Data excerpts
──────
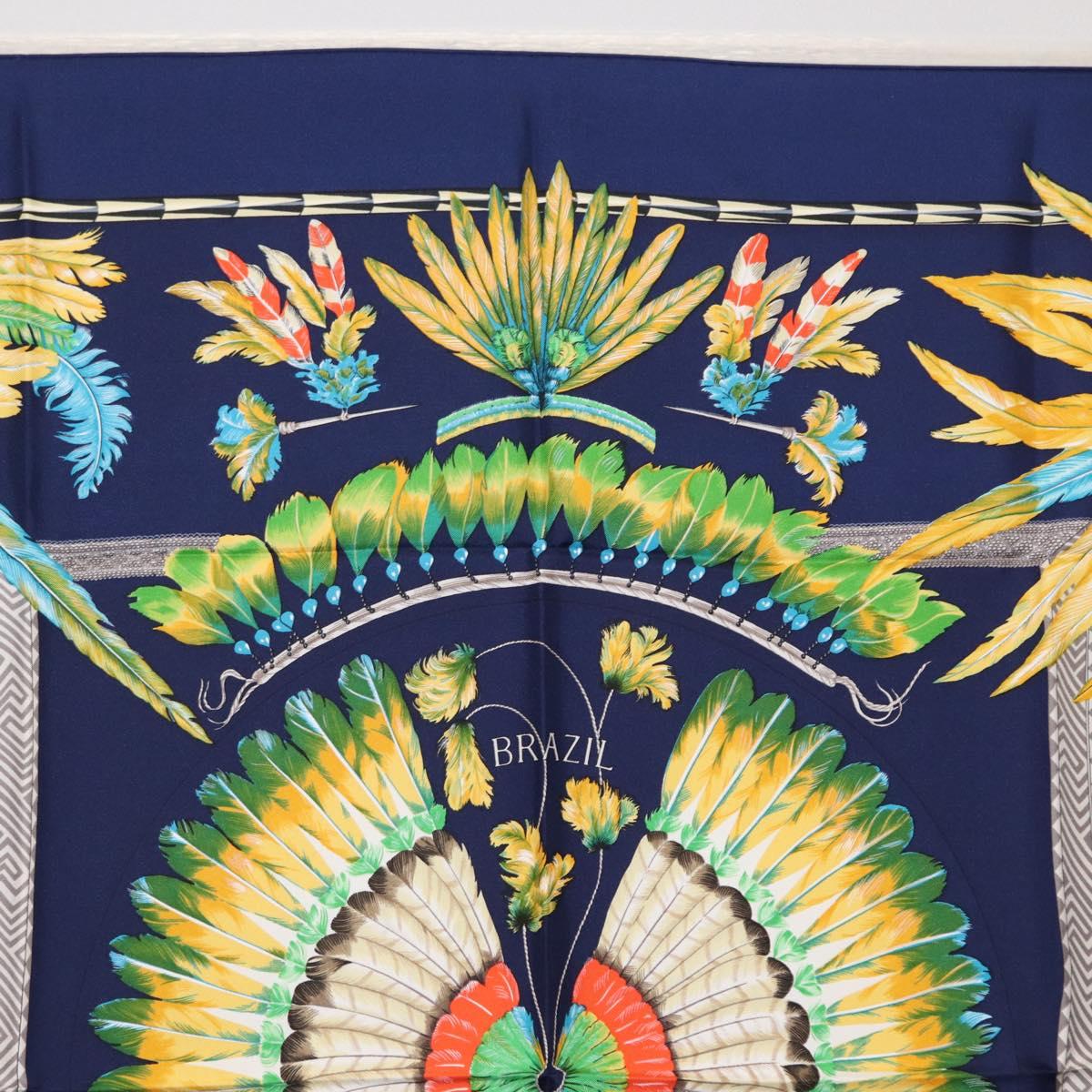 HERMES Carre 90 Scarf Silk ""BRAZIL"" Navy Auth am9883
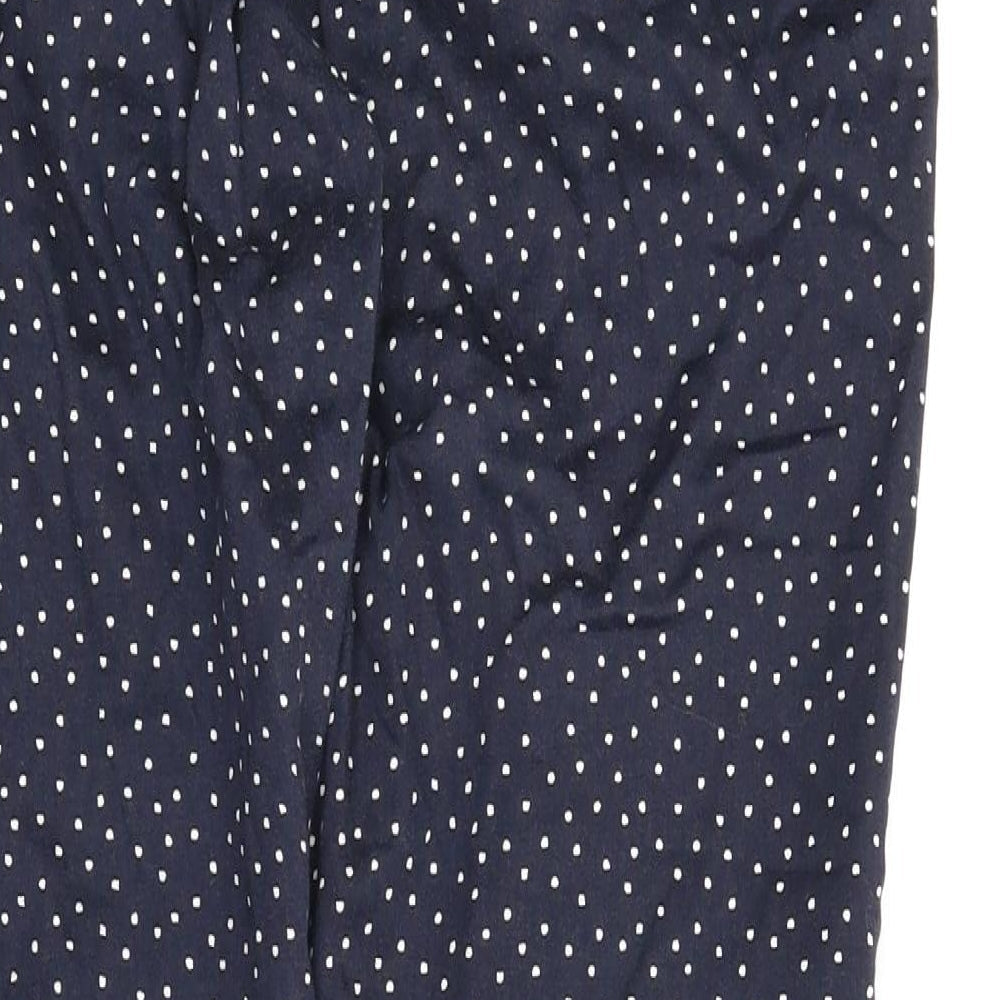 Brand and care label for R Edition women’s blue polka dot chino trousers, size UK 10, 27-inch leg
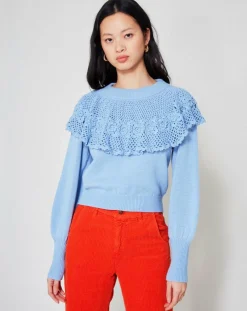 Pull en Laine mélangée Babydoll Rosalie bleu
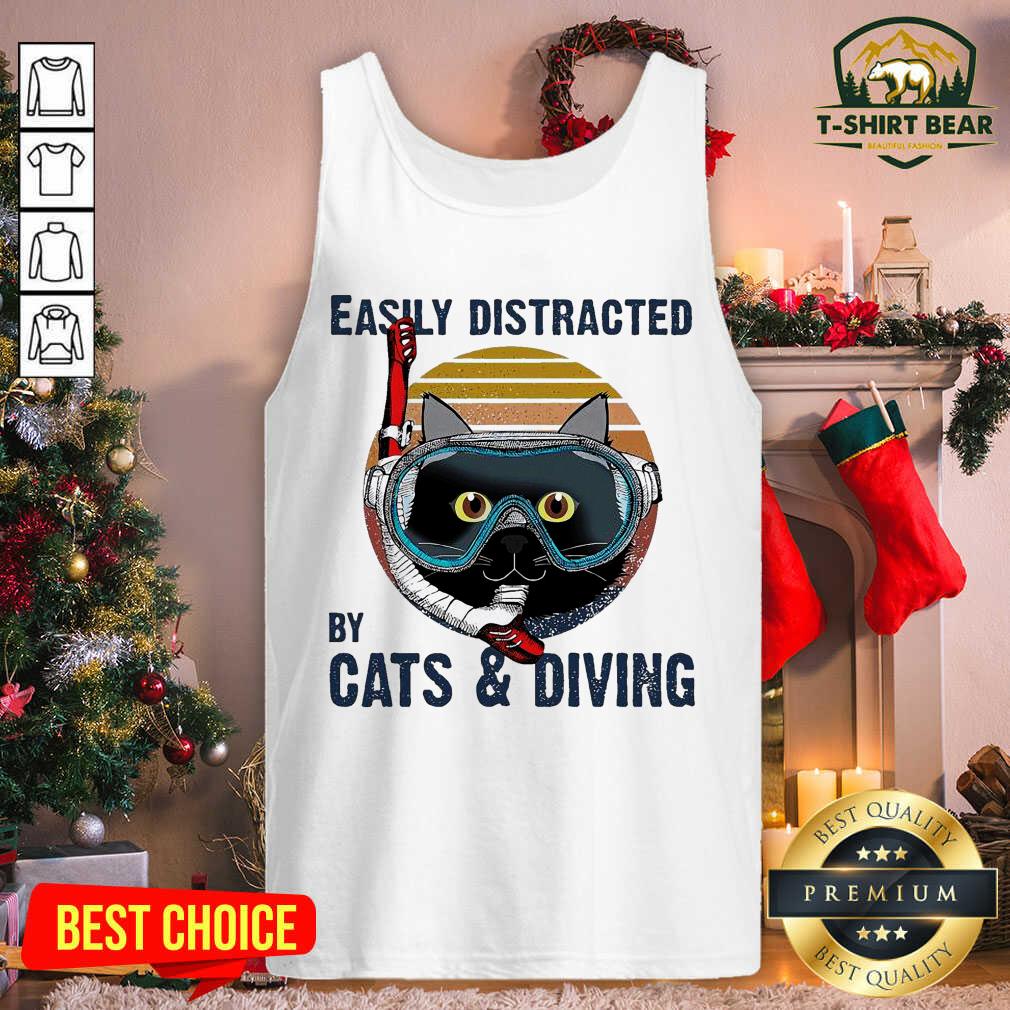 Premium Easily Distracted By Cats And Diving Vintage Shirt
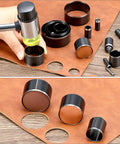 Leather Circle Cutter Tool Set With 21 Piece Pro Grade High Carbon Steel Punch Kit for precise circular cuts in leather crafts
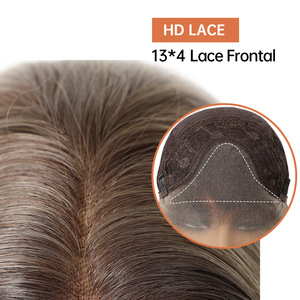 วิกผมเต็มศีรษะแบบลูกไม้ด้านหน้า 13*4 สำหรับ<span class=keywords><strong>ผู้หญิง</strong></span>ยุโรป-อเมริกัน  ถักด้วยมือด้วยลวดทนความร้อนสูง ไล่เฉดสีทอง <span class=keywords><strong>ผม</strong></span><span class=keywords><strong>สั้น</strong></span><span class=keywords><strong>ทรง</strong></span>บ๊อบ  ผลิตด้วยเครื่องจักร - Product Image 2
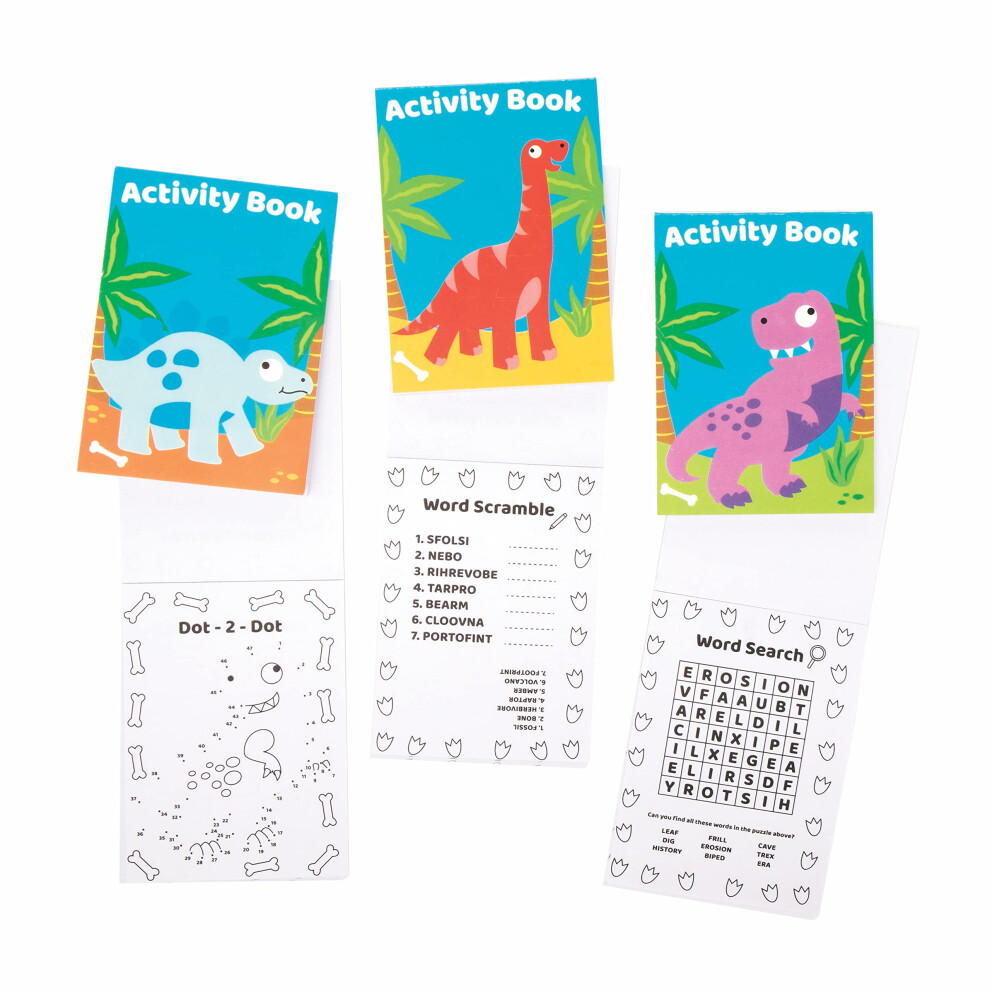 Fe530 Dinosaur Mini Actvity Books - Pack Of 12, Includes Puzzles, Stickers, Dot To Dot And Colouring Pages For Kids Baker Ross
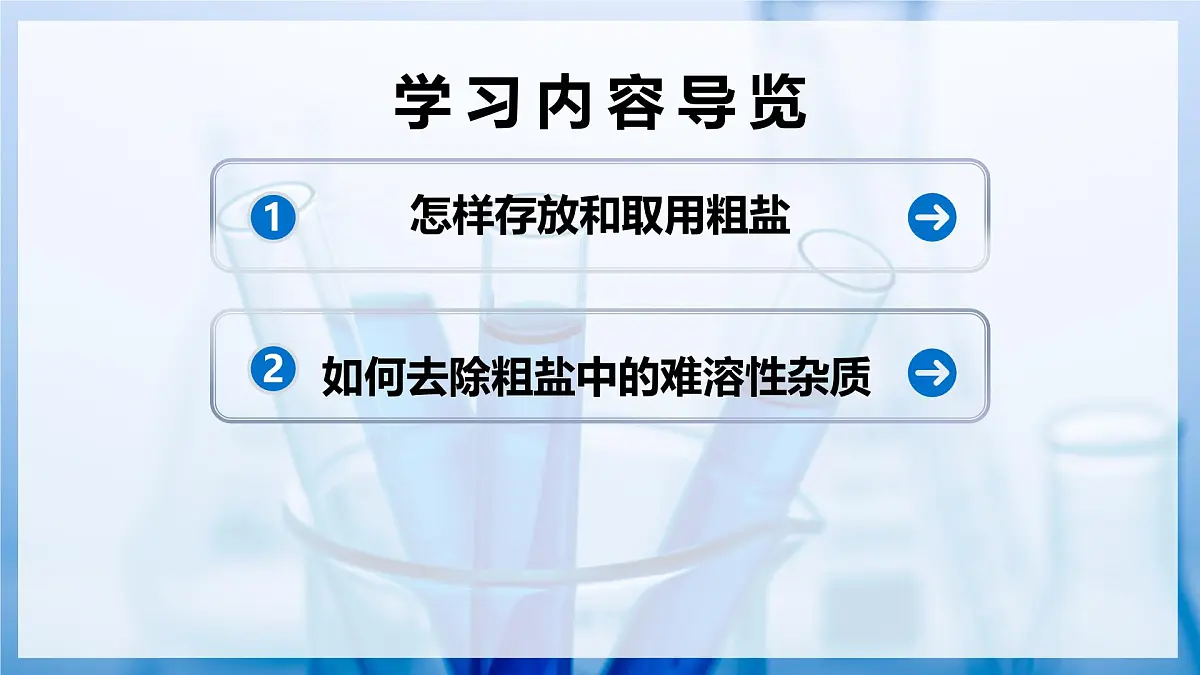课题1 走进化学实验室 第1课时 怎样存放和取用粗盐 如何去除粗盐中的难溶性杂质（教学课件）化学沪科版五四学制2024八年级全一册第2页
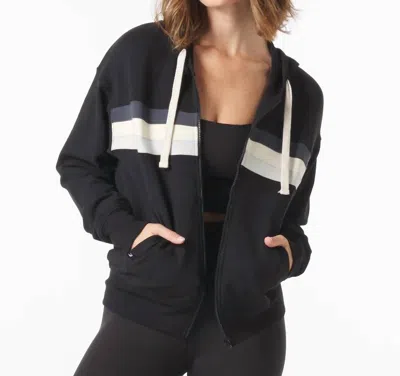 Glyder Vintage Oversized Zip Up Jacket In Black And Carbon, Oatmilk, Ash Grey Stripes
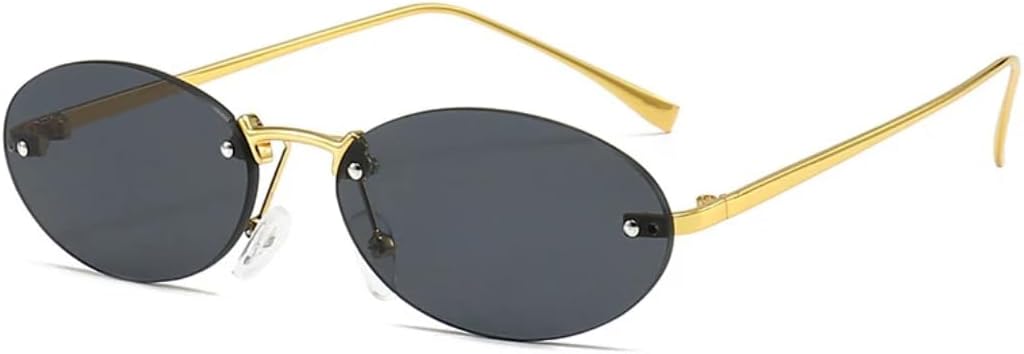 Женские винтажные солнцезащитные очки овальной формы без оправы, маленькая оправа, модные линзы, солнцезащитные очки с защитой от УФ-излучения UV400 SZVVBKK, Gold Black
Женские винтажные солнцезащитные очки овальной формы без оправы, маленькая оправа, модные линзы, солнцезащитные очки с защитой от УФ-излучения UV400 SZVVBKK, Gold Black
──────
Exactly restate the lines from the beginning of the data through the line with "Premium Easily Distracted", and no others, keeping pictures out.

 HERMES Carre 90 Scarf Silk ""BRAZIL"" Navy Auth am9883
 Brand and care label for R Edition women’s blue polka dot chino trousers, size UK 10, 27-inch leg
 Pull en Laine mélangée Babydoll Rosalie bleu
 Premium Easily Distracted By Cats And Diving Vintage Shirt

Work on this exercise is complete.